According to the Bureau of Labor Statistics, digital design positions are going to increase by about twenty percent in the next ten years, opening up the job market for new graphic designers and illustrators to showcase their work online. Print design jobs, however, are expected to decline by 22 percent over the next ten years. The question that remains then, is how to stand out from the crowd when applying to work both digitally and in print.
To answer this question, Commonvision hosted an Artist Alumni Panel and asked five former graduates of UMBC’s graphic design program to speak on their experiences in the job market after college. Each graduate was at a different point in their career and ranged from industry professionals, to freshly graduated and as-of-yet unemployed.
Rebecca Vest, a recent graduate of UMBC, reflected on the influence of the status of a college student. “People are willing to helyou if you reach out,” she says. Vest stressed the importance of networking while in college; the professionals you reach out to are often the ones who will be able to offer you a job or refer you to another contact in the future.
Besides networking, building your personal portfolio while in college is equally important. This portfolio of your best work is often the key to just getting an interview. Regine Daniels, a graphic designer out of Hampden, stated “Nothing is going to speak for you except for what you have to bring [to the table]. Take yourself more seriously.” The transition from the academic world to the workforce is difficult enough, and your presentation – especially in the graphic design industry – matters.

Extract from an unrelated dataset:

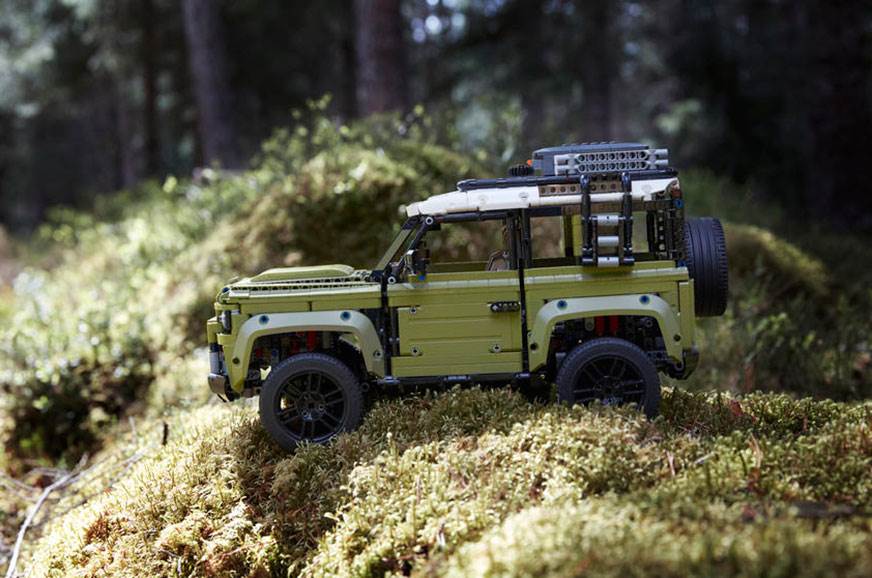 overraskelse Forkæl dig Doven Lego Technic introduces new 2,573-piece kit for 2020 Land Rover Defender |  Autocar India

Graphic design is also a constantly changing field. It seems as if every few days, new technology is being developed while “older” forms of technology are retired. Graphic designers need to stay as up-to-date as possible in an ever-changing market. “Don’t ever want to stop learning,” Michael Muccioli, a digital designer at Exit10 in Baltimore, stated. “I’m always looking for new design trends [to stay relevant].”
The panelists talked about drawing inspiration from Dribble.com or Pinterest, and learning new skills from sites like Lynda.com and Skillshare.com. Social media is also very helpful in terms of staying relevant and on top of the current design trends. Daniels advises majors to “put yourself in the middle of it all,” and Vest emphasized the usefulness of going places, like gardens and museums to find inspiration.
Even though these graphic designers are now doing their own work post-graduation, they still find time for personal projects which they say help them hone existing skills as well as work on new ones. Amy Berbert, the multimedia specialist at the Calvert School, is working on a photography project called “Remembering the Stains on the Sidewalk,” where she goes back to the sites of homicides in Baltimore one year later and takes a picture at the exact time the homicide occurred.
Danielle Dernoga, the Assistant Art Director at the Baltimore Magazine, recently had the chance to design the entire Best of Baltimore issue for the magazine, a feat she called “extremely fun.” Additionally, Muccioli has designed the label for a local BBQ sauce company, for which he was paid in a lifetime’s supply of free BBQ sauce.
There is room both inside and outside of the industry for creativity and passion projects, and each project has ultimately taught the panelists something new about their craft and about the element of unpredictability within each graphic design job. No matter what design job you eventually take, it is important to constantly challenge and push yourself to create better design concepts and, to ultimately, have fun with it.